The bundle is truly the thing, according to information from Digital TV Research, which predicts that worldwide triple play subscriptions will hit 400 million by 2017. To put that in perspective, that's almost 300 million more than the 2011 total and 380 million more than the 2007 total.

Bundles will overtake standalone TV next year and a reverse trend will start after that as "the standalone TV total will begin to decline from 2016 as homes convert to bundles," report author Simon Murray said in a news release.

Not everyone will want every service throughout the 80 countries covered by the report. There will be about 84 million double play subscribers in 2017, according to report statistics.

The 308-page report said there will be about 257 million triple play subscribers in the Asia Pacific region by 2017 (up more than 200 million from 2011) with China hosting about 193 million of them (versus 39 million at the end of 2011).

Overall, Murray said, "61 percent of cable and DSL/fiber TV subscribers will pay for triple play bundles by 2017, up from 38 percent in 2011 and only 21 percent in 2007." The standalone TV proportion "will fall from 63 percent in 2007 and 49 percent by end-2011 to only 27 percent by 2017," he added.

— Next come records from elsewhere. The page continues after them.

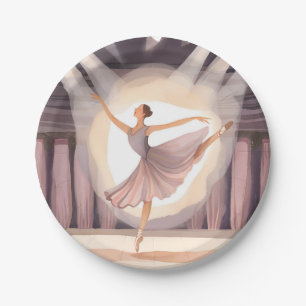 Plato De Papel Bella Bailarina Artes de Ballet Danza Acuarela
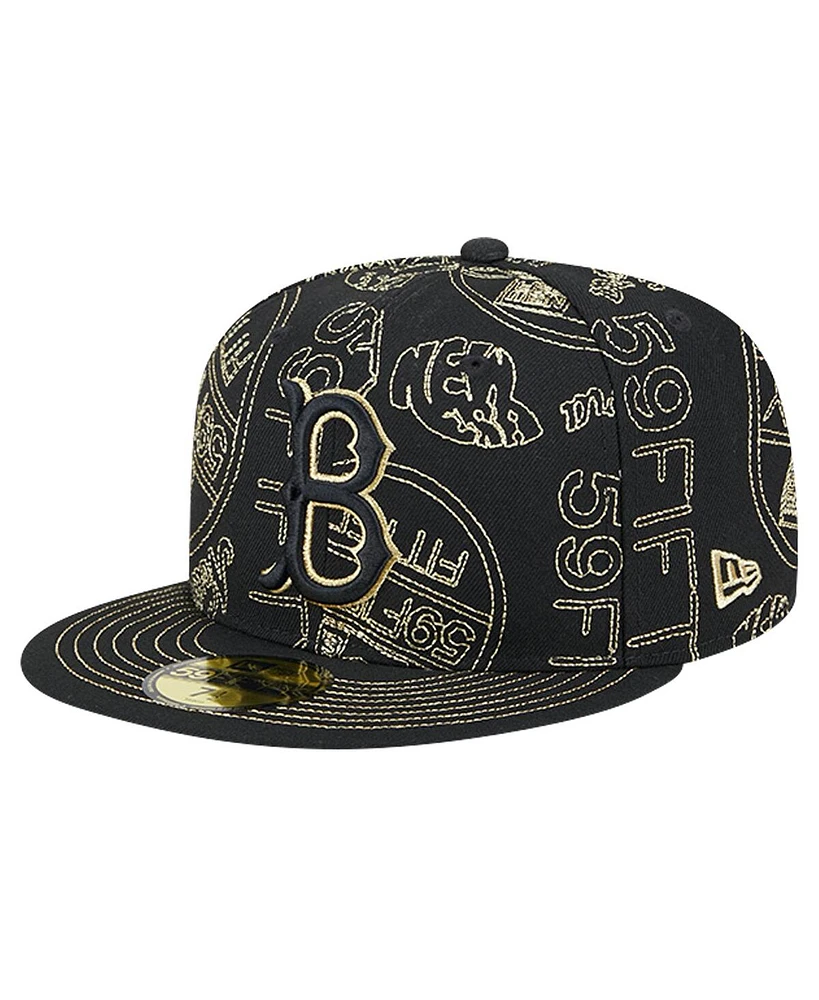 New Era Men's Black Brooklyn Dodgers 59FIFTY Day Allover Fitted Hat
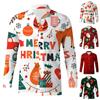 Men's Christmas Shirts Long Sleeve Floral Printed Button Up Tops Funny Cute  Graphic Dress Shirt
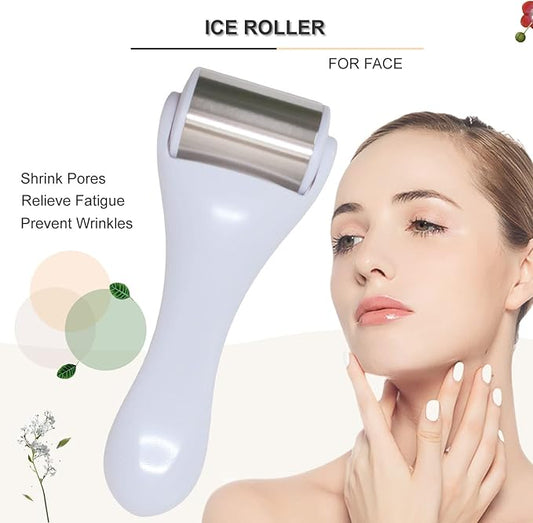 Ice Roller & Massager for Face & Eyes - Stainless Steel, 2 Pcs, Pain Relief, Dark Circles, Migraine (White)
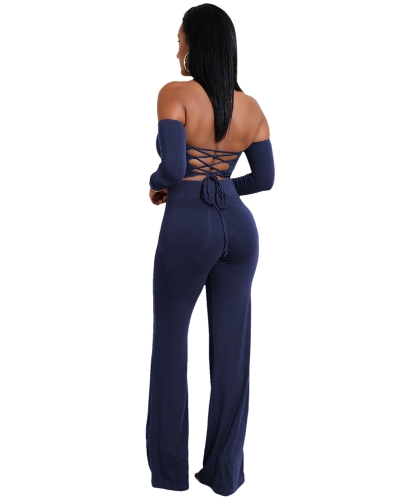 

Off Shoulder Sexy Women Two Pieces Backless Bandages Lace Up Slim Crop Top Pants Trousers Club Ladies Suits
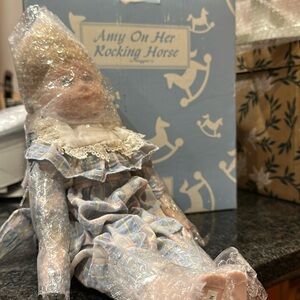 *NEW Porcelain Doll hand painted with wooden vintage horse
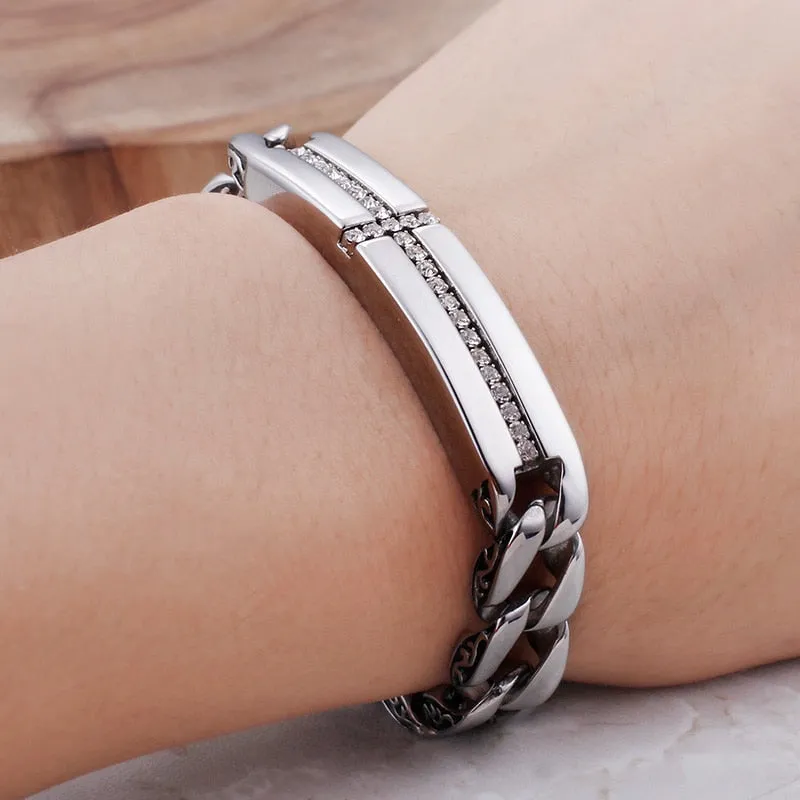 Stainless Steel CZ Christian Cross Bar Link Bracelet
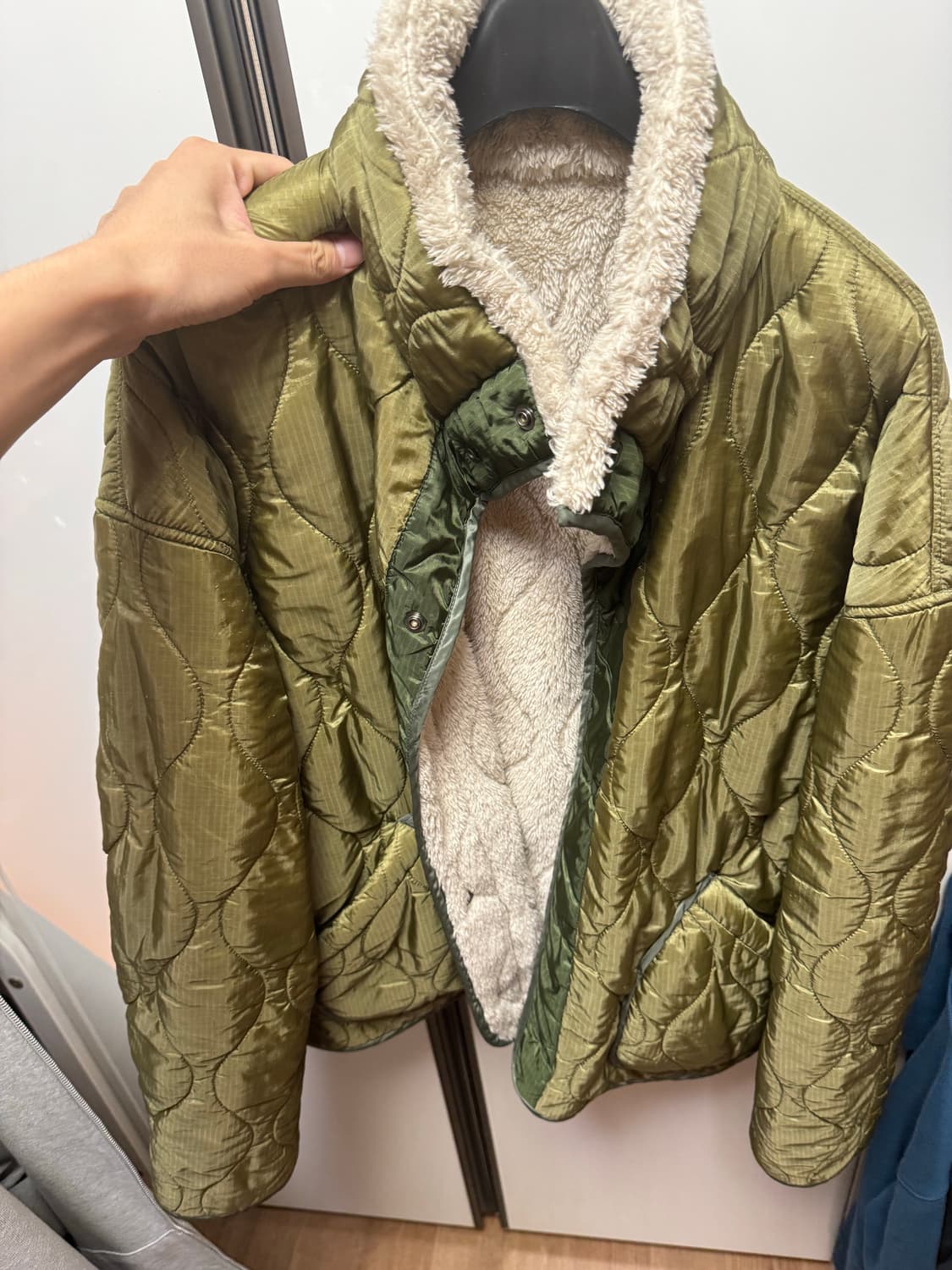 레미릴리프 Reversible Nylon Rip Boa Jkt-Khaki 상품이미지2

IPTV will continue to grow rapidly but cable will still dominate, with about two-thirds of triple play subscribers in 2017. In what is perhaps an anomaly, the report said that "triple play will remain higher in DSL and fiber homes (81 percent by 2017) than in cable homes (54 percent).

All these bundles will pay off for service providers as revenues will reach $149 billion in 2017. Even without having the most triple play subscribers, the U.S. will dominate revenues with $59 billion followed by Japan ($13 billion), China ($12 billion) and Canada ($10 billion). Triple play revenues overtook standalone TV revenues in 2010 and "standalone TV revenues will start falling from 2014 as subscribers defect to bundles and as cable and DSL/fiber operators offer lower-priced packages due to greater competition from other platforms," the report concludes.